“Pourquoi sont-ils là ?” interroge l’affiche du film Premier Contact, qui envisage l’invasion extraterrestre de la Terre. Les Hongkongais se sont eux aussi immédiatement posé la question en découvrant cette publicité, puisque le vaisseau alien se trouve en suspension au-dessus de Victoria Harbour, le détroit de Hong Kong, sur lequel est venue se greffer la célèbre tour Shanghai. Une énorme erreur géographique qui a provoqué une vague de protestations dans la Région administrative spéciale (RAS), dont les relations avec Pékin sont très tendues.
A peine l’affiche mise en ligne sur les réseaux sociaux, le 16 août, que “des milliers de commentaires négatifs et d’émojis de colère étaient écrits par les internautes, soulignant l’erreur géographique évidente”, rapporte le South China Morning Post. Toutes ces plaintes étaient accompagnées du hashtag #hongkongisnotchina, soit “Hong Kong n’est pas la Chine”.
Un contexte tendu
Face à ce déferlement de protestations, le distributeur Paramount Pictures n’a pas tardé à retirer l’affiche fautive. Mais l’erreur a laissé des traces à Hong Kong, comme l’explique le quotidien anglophone local :
L’hostilité à la Chine continentale s’est développée à Hong Kong ces dernières années, avec des plaintes contre, par exemple, le trafic de fausses marchandises depuis la Chine ou la colère contre l’impact négatif sur la ville des touristes venus du continent.”

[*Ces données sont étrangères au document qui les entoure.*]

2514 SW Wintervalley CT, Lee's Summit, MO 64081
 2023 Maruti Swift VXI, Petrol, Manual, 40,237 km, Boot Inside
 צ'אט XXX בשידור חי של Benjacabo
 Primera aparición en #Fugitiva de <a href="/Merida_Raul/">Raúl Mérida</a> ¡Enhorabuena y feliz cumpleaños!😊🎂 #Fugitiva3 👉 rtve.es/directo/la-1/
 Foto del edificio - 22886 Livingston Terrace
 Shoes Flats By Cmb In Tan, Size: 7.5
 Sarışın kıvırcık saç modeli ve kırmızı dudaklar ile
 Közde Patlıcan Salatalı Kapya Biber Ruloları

Réalisé par le Canadien Denis Villeneuve, Premier Contact raconte l’arrivée mystérieuse de plusieurs vaisseaux spatiaux au-dessus de mégalopoles terriennes. La campagne de promotion est donc mondiale, mais “aucune des 12 autres affiches du film ne contenait d’erreur géographique”, pointe le South China Morning Post.


Le grand quotidien de langue anglaise de Hong Kong est depuis 2016 la propriété d’Alibaba, géant chinois du commerce électronique. Cette acquisition a suscité de fortes craintes que la liberté de ton et la qualité journalistique de ce journal s’érode, voire disparaisse. Quoi qu’il en soit, le SCMP, resté en situation de monopole sur le marché des quotidiens de langue anglaise dans l’ex-colonie britannique, demeure indispensable à qui veut suivre la Chine. Le quotidien assure un suivi factuel de l’actualité chinoise et hongkongaise très complet. Les pages magazine fournissent parfois de bons reportages sur les pays voisins.

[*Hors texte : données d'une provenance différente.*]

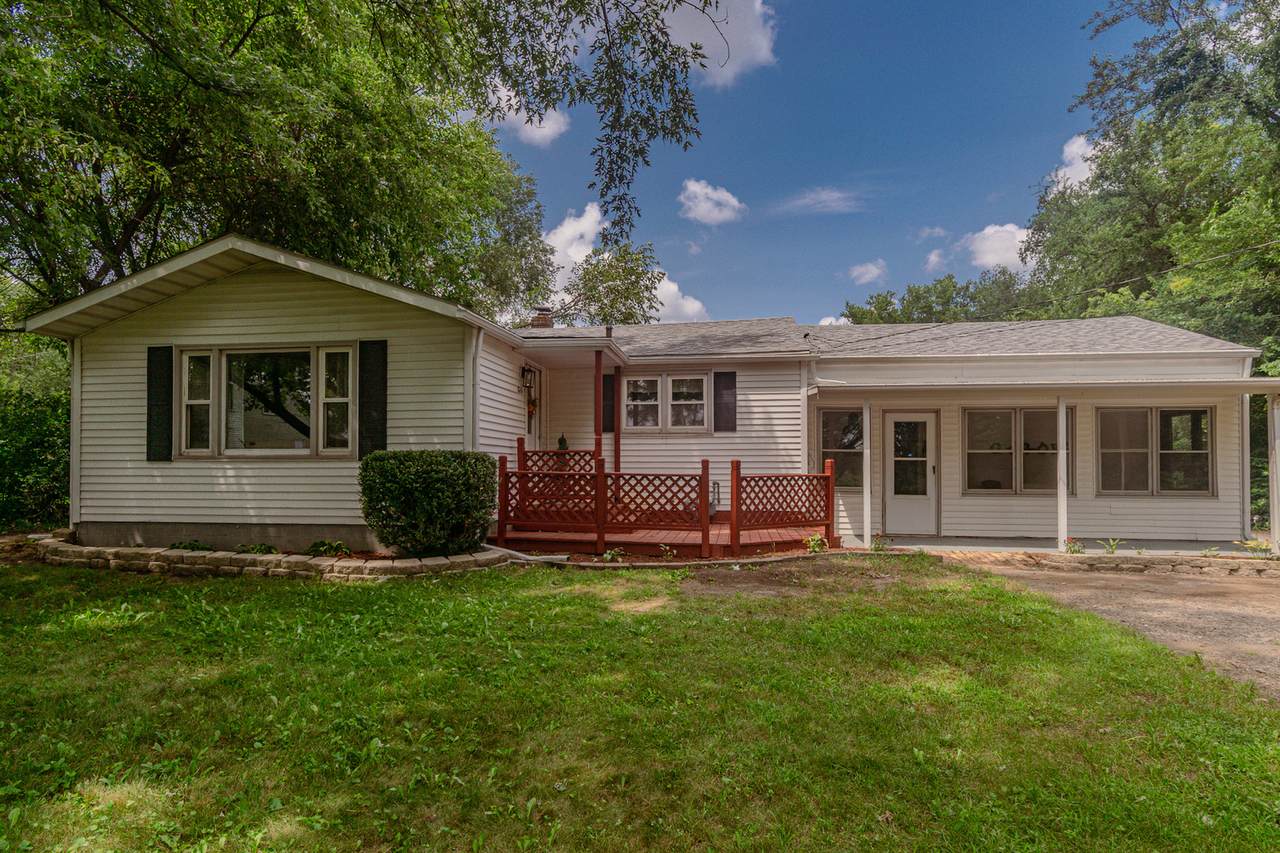 1826 Leonard Road - Photo 1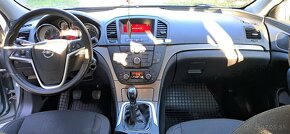 Opel Insignia 2.0 - 8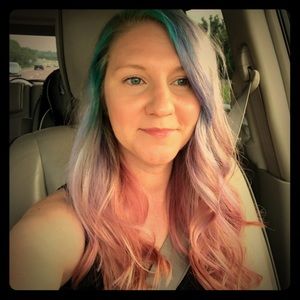 Meet your Posher, Keri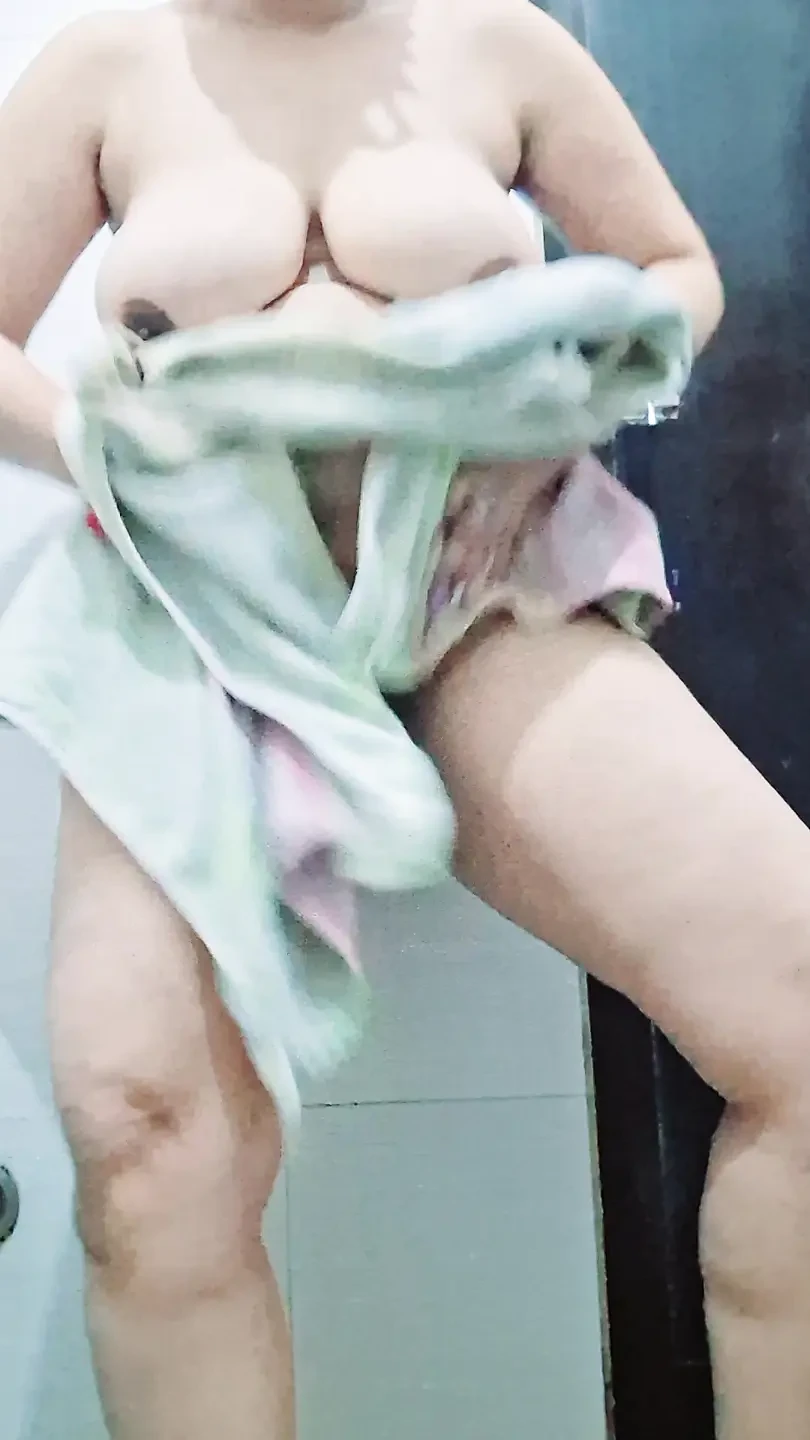 Pakistani Girl Found On Live Cam In Bathroom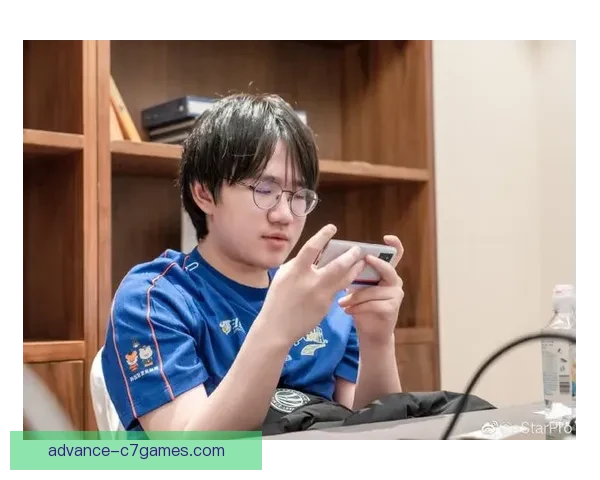 网球赛场再掀波澜 新星崛起挑战老将王者之位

Auparavant, un glissement éditorial notable avait déjà pu être observé sous la houlette de Robert Kuok, homme d’affaires sino-malaisien proche de Pékin devenu actionnaire principal en 1993.
Jadis journal de référence des « China watchers », le journal s’était graduellement débarrassé, après l’arrivée de Robert Kuok, d’un certain nombre de journalistes, il avait édulcoré ses pages d’opinion et s’était mis à se fonder de plus en plus sur des dépêches d’agence pour traiter des informations ne montrant pas Pékin sous son meilleur jour.
Après l’éviction de Willy Wo-lap Lam, responsable des pages Chine, en 2000, dont les analyses de la politique pékinoise étaient jugées trop indépendantes, ce fut en 2002 le tour du chef de son bureau pékinois, Jasper Becker, d’être licencié. Les pages éditoriales, où les figures de la politique hongkongaise avaient pour habitude d’échanger les opinions les plus diverses, devenaient décevantes.